確か、紫の書には「夜の静けさの中で、心の距離を縮める」という章があったはず。
『これは…チャンスですわ…!』
私は、そっと起き上がり、先生の方を見た。
先生は、既に眠っているようだった。
『先生の寝顔…穏やかで…優しくて…』
私は、しばらく先生の寝顔を見つめていた。
そして――
『今なら…先生に近づいても…』
私は、そっと先生の方へと這い寄った。
水着姿のまま、音を立てないように。
先生の布団の近くまで来た時――
先生が、寝言を言った。
「…コロ…ありがとう…な…」
私は、ハッと動きを止めた。
『先生…まだ、コロさんのことを…』
私の胸が、キュッと締め付けられた。
先生は、コロさんのことを、本当に大切に思っていたのだ。
そして、今も――
『私は…先生の心を癒やせているのかしら…?』
私は、自分の無力さを感じた。
でも――
『いえ、諦めてはいけませんわ!私には、5冊のバイブルがありますもの!必ず、先生を幸せにして見せますわ!』
私は、そっと先生の布団に手を伸ばし――
そして、先生の手に、自分の手を重ねた。
先生の手は、大きくて、温かかった。
『先生…私が、必ずあなたを幸せにしますから…』
私は、そう心の中で誓いながら、そっと手を離した。
そして、自分の布団に戻った。
その夜、私は幸せな気持ちに包まれながら、眠りについた。
枕元には――5冊のバイブルと、日本のファッション雑誌が、しっかりと置かれていた。
翌日――
私が目を覚ますと、先生は既に起きていた。
そして、レティシアと何やら話をしている。
「おはようございます、先生」
私は、あくびをしながら挨拶した。
「ああ、おはよう、アリア君。
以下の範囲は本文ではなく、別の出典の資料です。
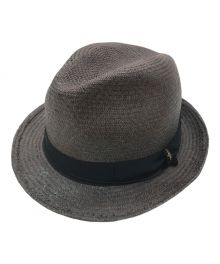 BORSALINO（ボルサリーノ）の古着「オリエンタルパナマハット　ハット　メンズ帽子」｜ブラウン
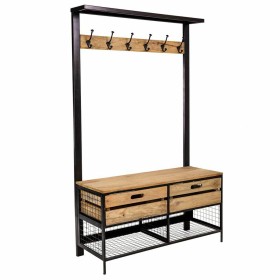 Console DKD Home Decor Fir Black Metal Brown (120 x 65 x 77 cm) | Tienda24 - Global Online Shop Tienda24.eu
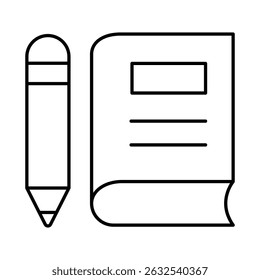 Icono de línea de libro Trazo editable. Educación, Estudio, Biblioteca, Lectura, Ciencia, Estudiante, Graduación, Iconos de librería Ilustración vectorial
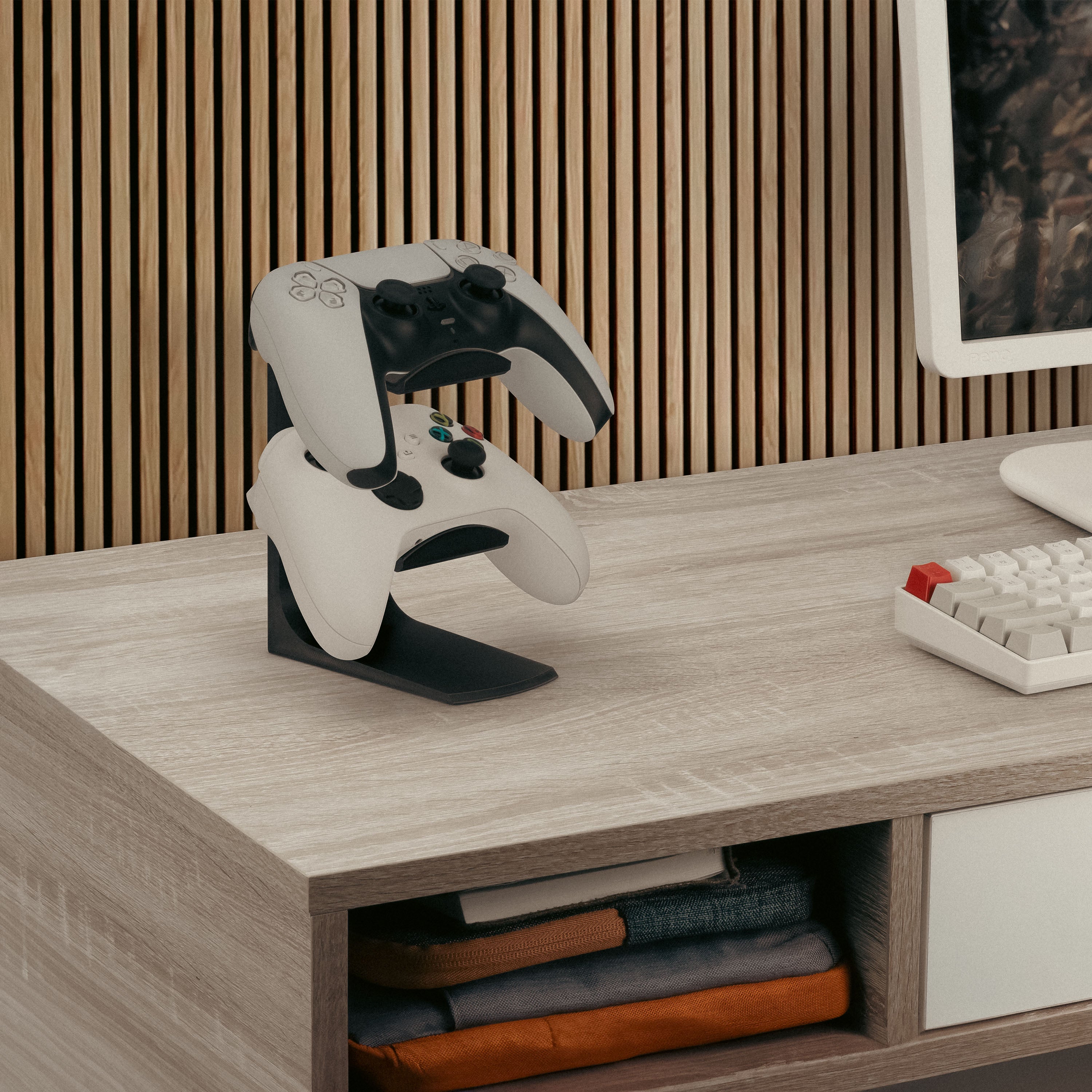 The Sentinel - Dual Game Controller Stand for Desks, Universal Design ...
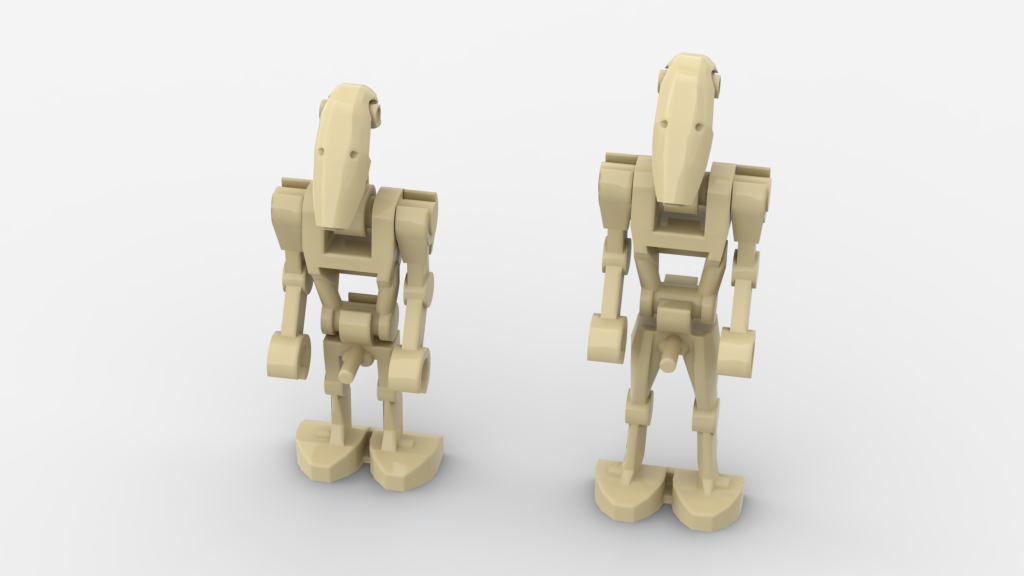 Legs Mechanical, Battle Droid with Penis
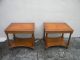 Pair Of Mid - Century End Tables / Side Tables 2591 1900-1950 photo 1
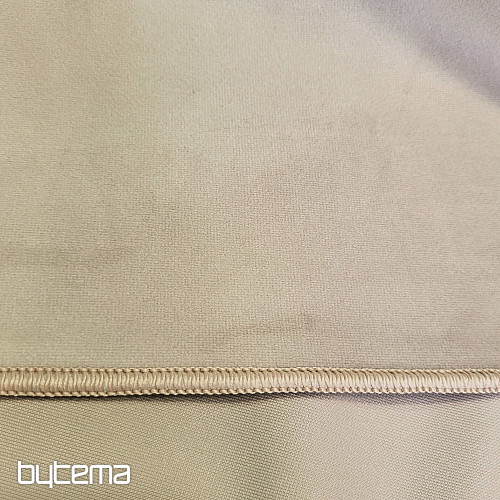 Luxurious monochrome designer decorative fabric GERSTER 77042/0023 light beige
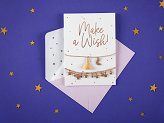 Kartka z bransoletkami Make a wish!, 10.5x14.8cm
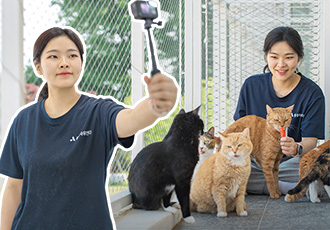 온캣 활동가의 하루를 담은 브이로그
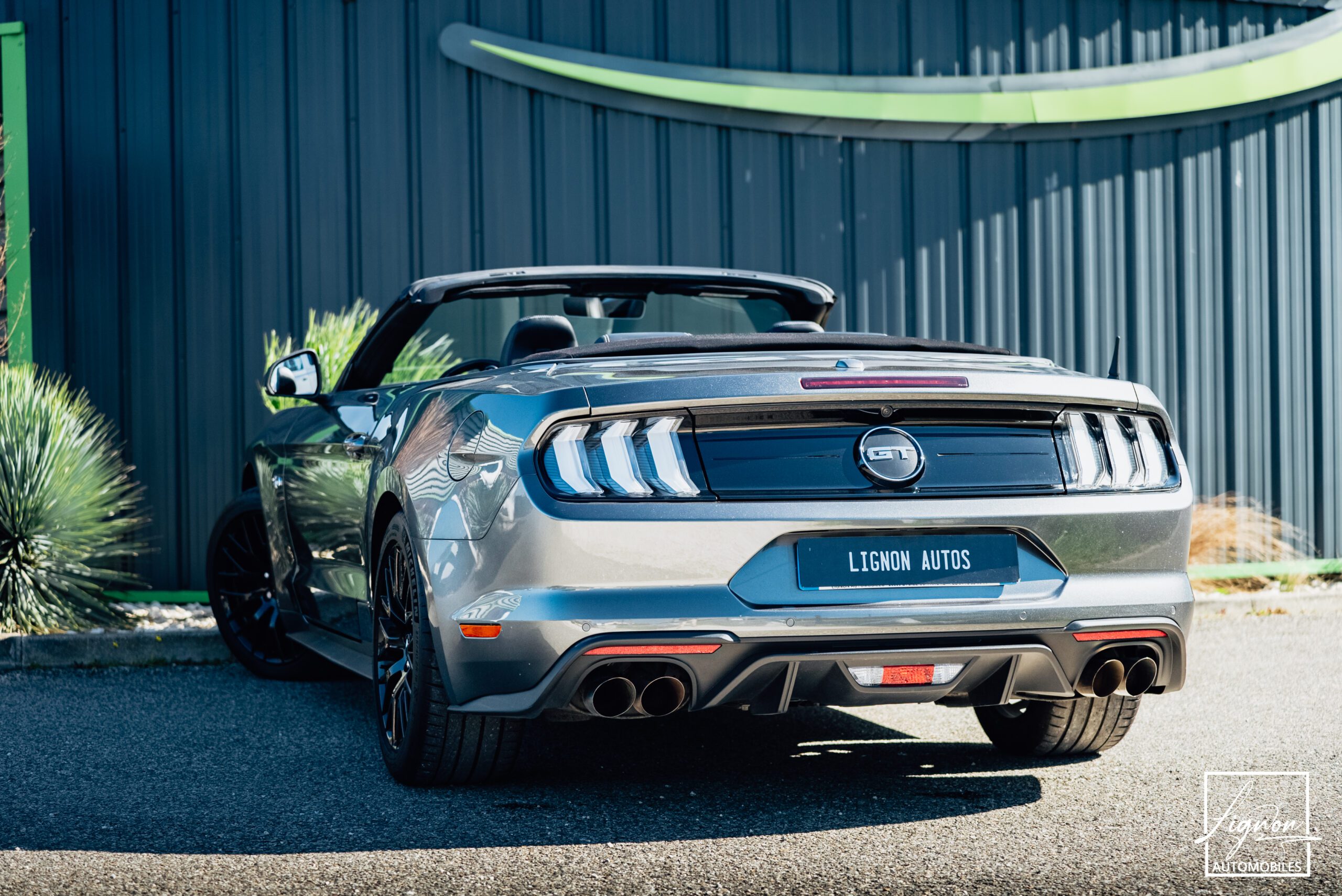 Photo Ford Mustang Cabriolet 5.0 v8 GT 450 CH BVA10 - 1er main
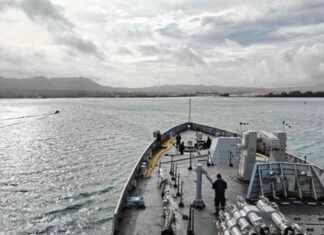 INS Sahyadri docks at Guam for Malabar-2025, showcases India’s naval strength amid strained India-US ties
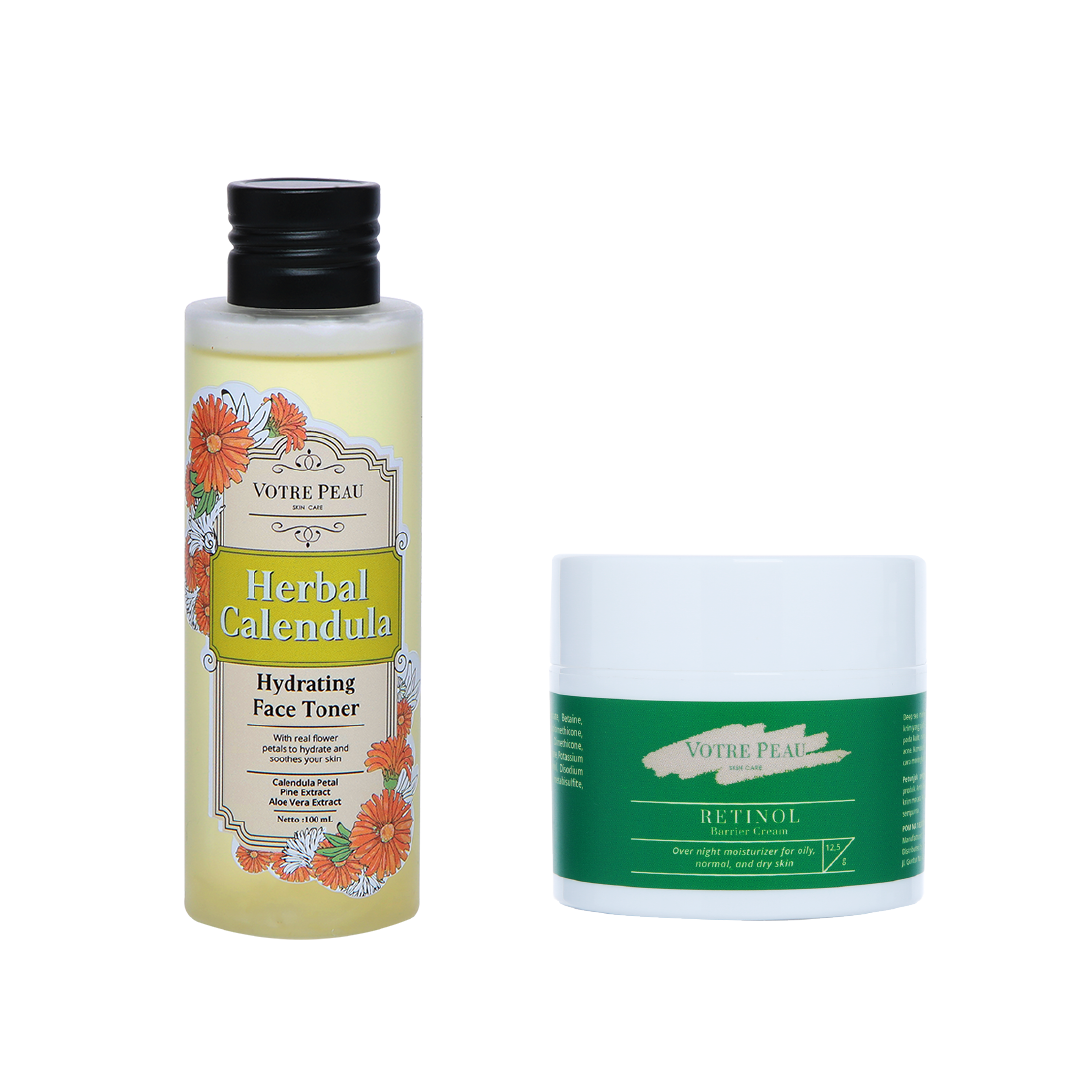 Votre Peau Sensitive Skin Package (Retinol Barrier Cream & Calendula Toner)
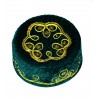 Тюбетейка "Арская" стёганая, со шнуровым узором по кругу (различная цветовая гамма)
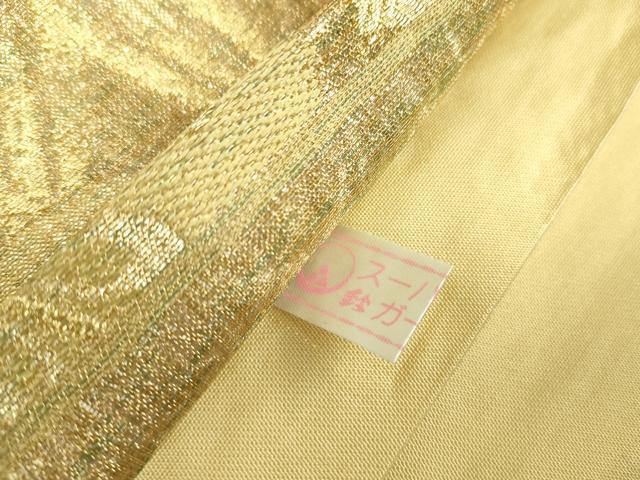平和屋着物▼六通柄袋帯　七宝若松葉花文　金銀糸　鈴乃屋扱い　正絹　逸品　DABE4883az
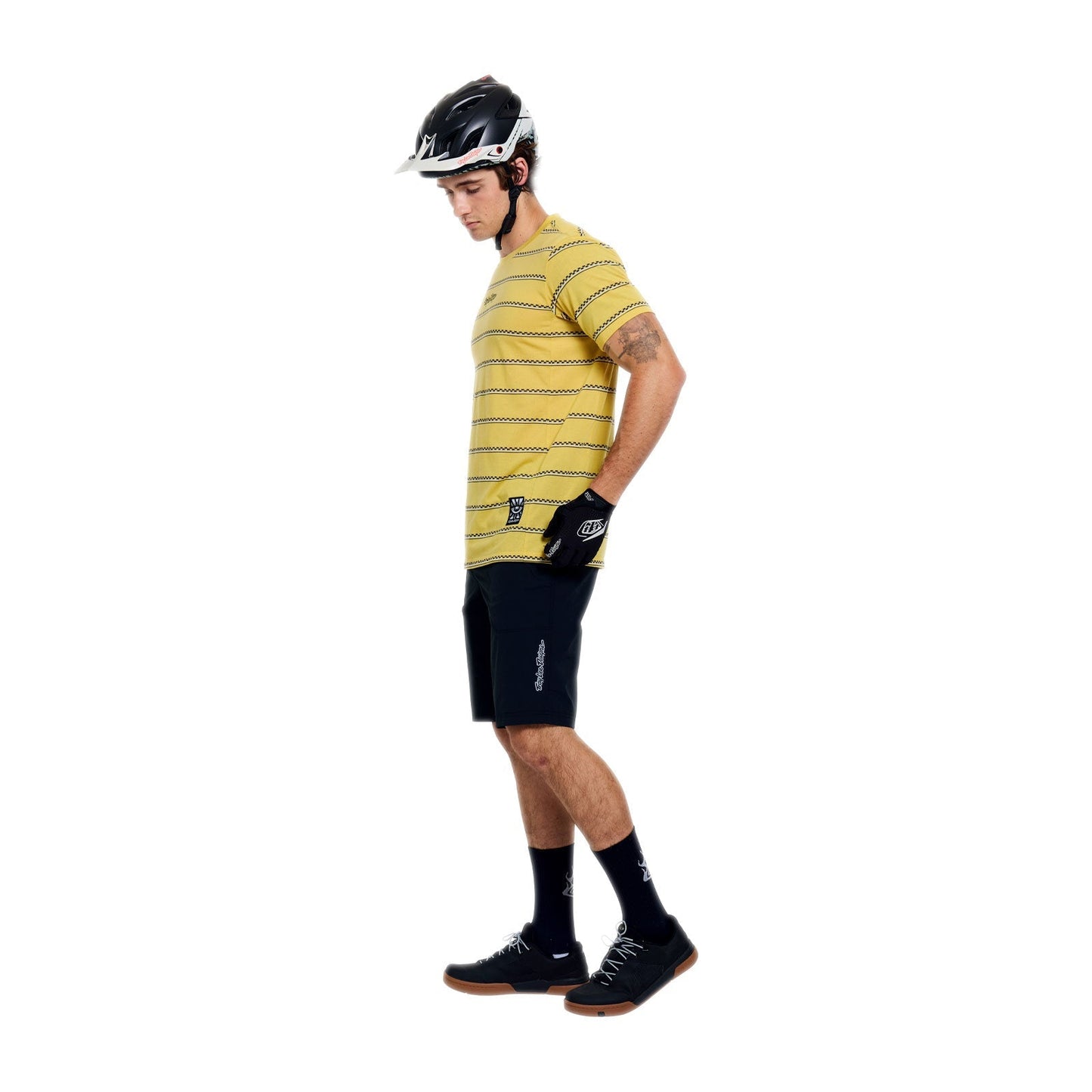 TROY LEE DESIGNS SKYLINE FAKIE RIDE Jersey Short Sleeve Yellow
よく眠れたか?」
「ええ、ぐっすりですわ」
私は、微笑んだ。
でも、内心では――
『昨晩、先生の手に触れたこと…バレていないかしら…!?』
私は、少しドキドキしていた。
「アリア様、おはようございます」
レティシアも、挨拶してくれた。
「おはよう、レティシアさん」
「本日の予定を確認します。工房修復作業の続き、物資調達のための街への偵察、そして――」
レティシアが言葉を止めた。
「そして?」
「アリア様の服の調達、です」
レティシアは、私の水着姿を見ながら言った。
「マスターと私で協議した結果、アリア様の現在の服装は『作業効率』『防御力』の観点から問題ないと判断されましたが、『社会的適切性』の観点から、通常の服を用意すべきという結論に至りました」
『え…?』
私は、一瞬困惑した。
『服を…用意する…?でも、この水着姿は、先生の視線を引きつけるのに最適なのに…!』
「でも、レティシアさん。私はこの水着で十分ですわよ?」
「アリア君」
先生が、真剣な表情で言った。
「君がその格好で平気でも、俺が…その…困るんだ」
「え…?」
「いや、その…君は美しいから…いや、違う…その格好だと、作業中に気が散って…」
先生が、珍しく言葉に詰まっている。
『先生が…困っている…?』
私は、ハッと気づいた。
『もしかして…私の水着姿が、先生にとって刺激的すぎたのかしら…!?』
『これは…紅の書の「大胆な肌見せ」が効きすぎたということ…!?』
『でも、効きすぎて先生が作業に集中できないのは、本末転倒ですわ…!』
私は、少し反省した。
「分かりましたわ、先生。では、服を用意しましょう」
「ああ…すまない、アリア君」
先生は、申し訳なさそうに言った。
こうして、私たちは街へと偵察に出ることになった。
物資を調達し、そして――私の服を手に入れるために。
でも、私の心の中では――
『服を手に入れても、時々はこの水着姿で先生の前に…いえ、バイブルによれば「適度な刺激」が大切…!完璧な戦略ですわ!』
私の「先生攻略作戦」は、まだまだ続いていた――。